Assigned task
Without pictures, return the lines from the one containing "Welcome back to" through the last line of the data below, exactly.
[Provided records]
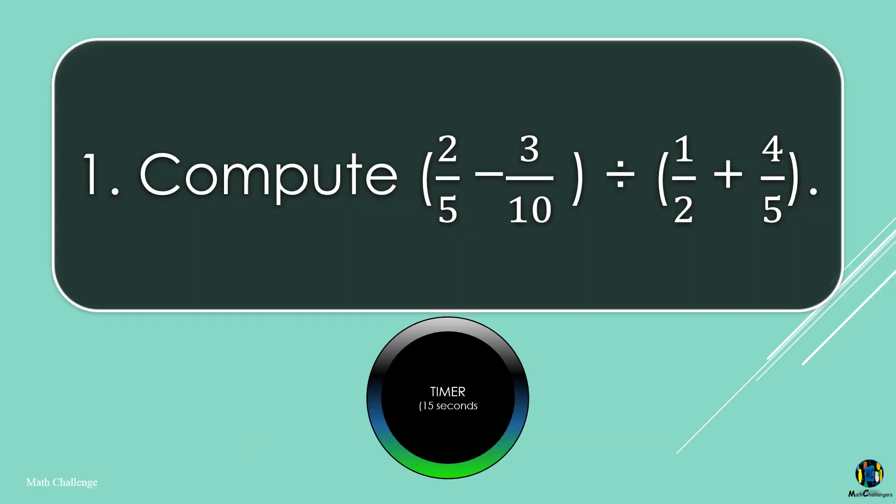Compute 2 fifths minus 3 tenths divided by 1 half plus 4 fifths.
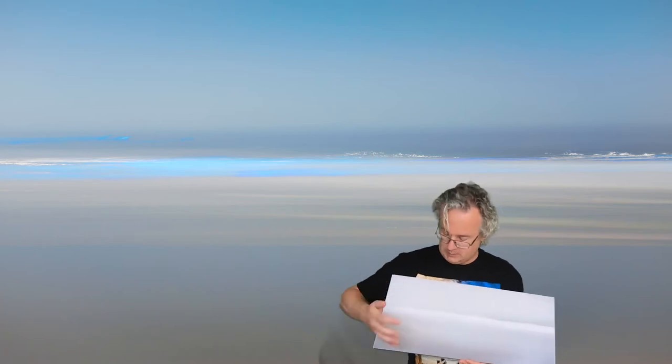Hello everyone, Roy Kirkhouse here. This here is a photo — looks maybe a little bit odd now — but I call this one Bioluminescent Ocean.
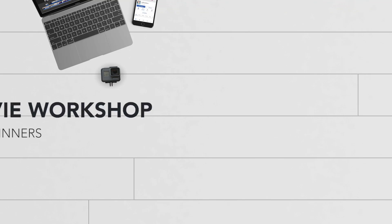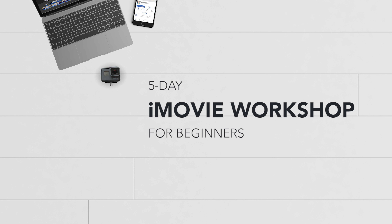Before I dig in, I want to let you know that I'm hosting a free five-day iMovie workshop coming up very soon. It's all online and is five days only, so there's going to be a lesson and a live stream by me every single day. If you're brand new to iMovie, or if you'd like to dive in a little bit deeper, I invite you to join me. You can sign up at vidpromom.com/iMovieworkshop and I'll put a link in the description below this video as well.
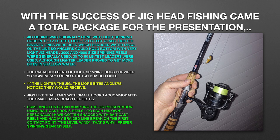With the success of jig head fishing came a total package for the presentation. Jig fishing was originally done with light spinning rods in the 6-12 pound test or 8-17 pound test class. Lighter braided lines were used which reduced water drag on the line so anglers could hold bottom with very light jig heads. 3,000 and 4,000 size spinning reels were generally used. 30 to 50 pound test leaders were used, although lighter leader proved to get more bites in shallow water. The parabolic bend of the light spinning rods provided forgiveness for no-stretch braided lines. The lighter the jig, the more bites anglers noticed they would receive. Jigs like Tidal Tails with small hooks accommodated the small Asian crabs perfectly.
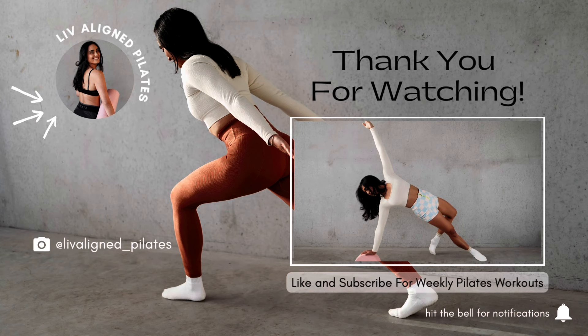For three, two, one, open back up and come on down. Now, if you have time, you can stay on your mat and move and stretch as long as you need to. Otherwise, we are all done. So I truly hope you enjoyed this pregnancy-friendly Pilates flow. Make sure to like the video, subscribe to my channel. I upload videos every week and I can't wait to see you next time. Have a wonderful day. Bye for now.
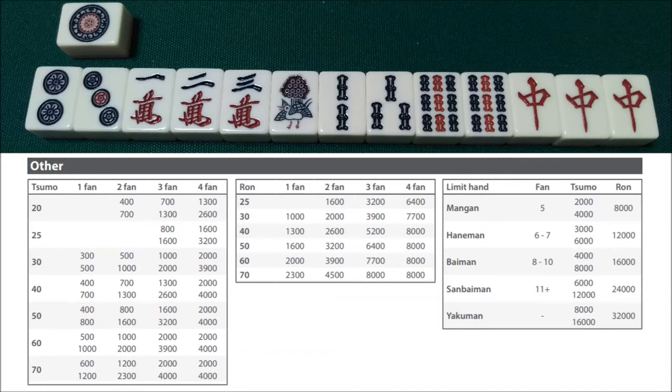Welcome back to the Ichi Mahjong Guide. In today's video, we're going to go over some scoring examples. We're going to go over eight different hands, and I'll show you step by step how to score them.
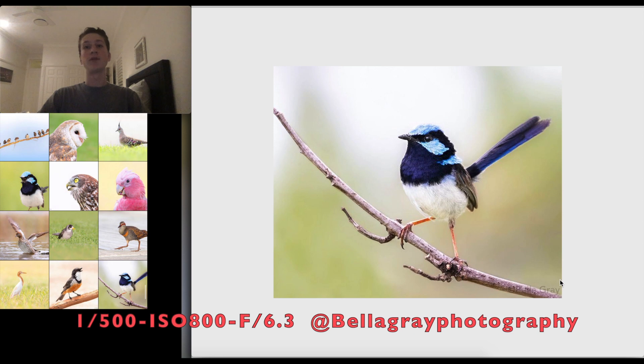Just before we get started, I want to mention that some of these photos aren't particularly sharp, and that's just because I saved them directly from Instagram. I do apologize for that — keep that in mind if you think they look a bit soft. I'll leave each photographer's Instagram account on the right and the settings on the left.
[/Provided records]
Answer space
Welcome back to the Ichi Mahjong Guide. In today's video, we're going to go over some scoring examples. We're going to go over eight different hands, and I'll show you step by step how to score them.
Just before we get started, I want to mention that some of these photos aren't particularly sharp, and that's just because I saved them directly from Instagram. I do apologize for that — keep that in mind if you think they look a bit soft. I'll leave each photographer's Instagram account on the right and the settings on the left.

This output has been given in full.